Bibeltheologischer Einspruch von Dennis Schönberger


Es werde Licht: Glaube sucht das Verstehen © Pixabay

Die Aussagen und Ereignisse vor, während und nach dem Gerichtsurteil im Fall des Bremer Pfarrers Olaf Latzel vom 20.05.2022 machen mich gleichermaßen traurig wie wütend. Wieso? Weil nicht der Entängstigung, sondern der Hysterie das Wort geredet wurde. Christen glauben jedoch: In der Liebe ist keine Furcht (1Joh 4,18).

Der religiöse Extremismus, der hier vorliegt, und der einhergeht mit einer gruppenbezogenen Menschenfeindlichkeit, offenbart, dass ein berufener Diener der Gemeinde Christi theologisch ziemlich schief gewickelt ist. Die Repristination von sogenannten „Schöpfungsordnungen“ steht nicht nur der alttestamentlichen Gottesrede entgegen: Was haben metaphysische Ordnungskonzepte mit der alttestamentlich-jüdischen Idee einer Erschaffung der Welt aus dem Nichts zu tun? In Olaf Latzels homophober Bibelauslegung triumphiert leider auch der tötende Buchstabe über den lebendig machenden Geist (2Kor 3,16). Ein bibeltheologischer Einspruch tut darum Not.

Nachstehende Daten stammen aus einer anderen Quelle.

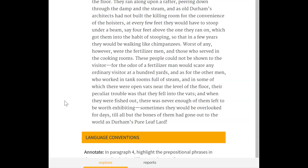Consider the last sentence in paragraph four: 'When they were fished out, there was never enough of them left to be worth exhibiting. Sometimes they would be overlooked for days, till all but the bones of them had gone into the world as Durham's Leaf Lard.' Why would Sinclair build a sentence so that it concludes with such a disturbing detail? It's talking about men falling into these giant vats and essentially disintegrating — and people eating it, because they couldn't find the bodies and waited till they were just bones, then still sold that product.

Ich beschränke mich auf ein Beispiel: Eine Stelle wie Lev 18,22 „Und mit einem Mann sollst du nicht schlafen, wie man mit einer Frau schläft. Das ist ein Greuel.“ beim Wort zu nehmen, heißt sie misszuverstehen. Wer bibeltreu predigen möchte, muss wissen, dass der Glaube das  Verstehen sucht. Von einem studierten Theologen und ordinierten Pastor muss eine Gemeinde das erwarten können. Im dritten Buch Mose steht im 18. Kapitel den priester(schrift-)lichen Kreisen hinter dem Heiligkeitsgesetz die Sorge vor Augen, was aus Gottes Verheißungen wird, wenn in Israel Kindersegen angesichts verbotener männlicher Sexualpraktiken ausbleibt. In den Wüstenerfahrungen mehrerer Generationen, derer hier gedacht wird, geht es um Sein oder Nichtsein. Um homosexuelle Liebesbeziehungen im heutigen Sinne geht es nicht!

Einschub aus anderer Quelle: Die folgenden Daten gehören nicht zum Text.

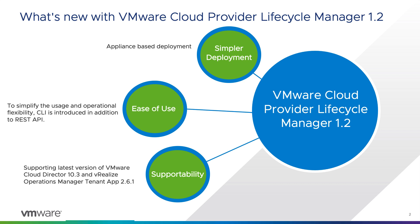VMware Cloud Provider Lifecycle Manager 1.2 or vCPLCM was released on October 20th, wherein with vCPLCM 1.2 we have seen that three key features have been introduced. One, it is an appliance-based deployment. As I mentioned earlier, vCPLCM 1.1 is available as a docker image where one needs to deploy a photon-based VM and import the docker image.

Wer dies nicht weiß oder nicht wissen will, und also der Gemeinde die bundesgeschichtlichen Umstände solcher Bibelstellen verschweigt, redet geistlich grausig ignorant und muss sich die Rückfrage gefallen lassen, wie er den lebendigen Gott verantwortlich zu verkünden gedenkt – zwar gilt im Anschluss an Karl Barth, dass wir von Gott reden sollen (Notwendigkeit), aber es nicht können (Unmöglichkeit), doch nur im Wissen beider Sätze geben wir ihm Ehre! Zudem weiß ich aus Erfahrung, wie verletzend es ist, wenn Menschen, die einer Minderheit angehören, nicht nur sozial, sondern auch kirchlich ausgegrenzt werden. Mein Einspruch will darum bitte als Ansporn zu widerständiger Besonnenheit gelesen werden.